As much as this documentary resembles a work of cinema verite, Hara has freely admitted that there is just as many specific choices as you would expect in any film. For example, the scene where he stops traffic while ranting through his megaphone has shots that were taken from a rooftop, which meant Hara went along with Okuzaki’s wishes since he knew it would look great in his movie. Before condemning Hara for disingenuousness though, it is important to know that even the most objective of documentaries cannot escape subjectivity. And such artifice was often necessary since apparently Okuzaki would often ramble on at length to the point of incomprehensibility. According to Hara, the only reason that Okuzaki appears even slightly coherent is because of some very judicious editing.
It is fascinating to me that Michael Moore is quoted on the movie’s DVD cover, and Errol Morris has said it was one of his favorite films. These two very different filmmakers of, frankly, vastly different talent levels are perhaps the most famous documentary filmmakers ever and how both seem to have taken cues from this movie with vastly different results. What bothers me the most about Michael Moore is that he often takes the role of the gadfly just like Okuzaki did, yet he does it in an artificial way, one in which he is clearly elevating himself as the champion for the people, though he could be seen as an irritating example of the neoliberalism that plagues American society. As for Errol Morris, he shares Hara’s proclivity for making his work as cinematic as possible. His Thin Blue Line is a thrilling procedural and mystery, when it literally could have just been a bunch of talking heads. Yet despite the artifice, Morris was able to get a wrongly accused man acquitted because of his film, a much-envied combination of truth and art.

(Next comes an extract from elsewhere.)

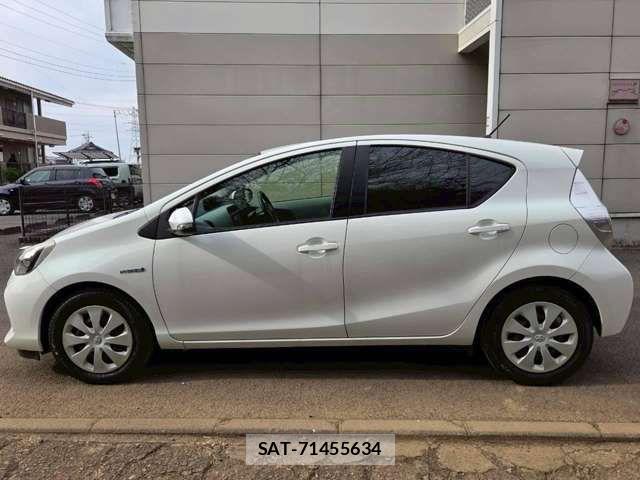 Toyota AQUA 2013-03 8827821-9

Though no one could accuse Okuzaki of being an artist, he surprisingly has the temperament of a stereotypical tortured artist. He works tirelessly at an unpopular quest. He feels misunderstood, and he will not listen to criticism of his methods because he believes that he is absolutely in the right. He is cut from a Manichean cloth with very little regard for complexity, and his opponents are from the polite culture of deniability. These men have been lying so long that they probably believe what they say is true. Yet Okuzaki persists with the faith of a fallen believer. One can sense that he was probably the most loyal soldier during the war just by looking at how extreme his temperament after the war was. He is the Lucifer that wants revenge on all of a society that wouldn’t admit to murder even if they had pulled the trigger on the smoking gun. While Hara’s portrayal of Okuzaki is not entirely sympathetic, I believe he persisted with him because he saw a very real need to amplify Okuzaki’s voice and that he was speaking for many people who were fed up with the culture of respectability.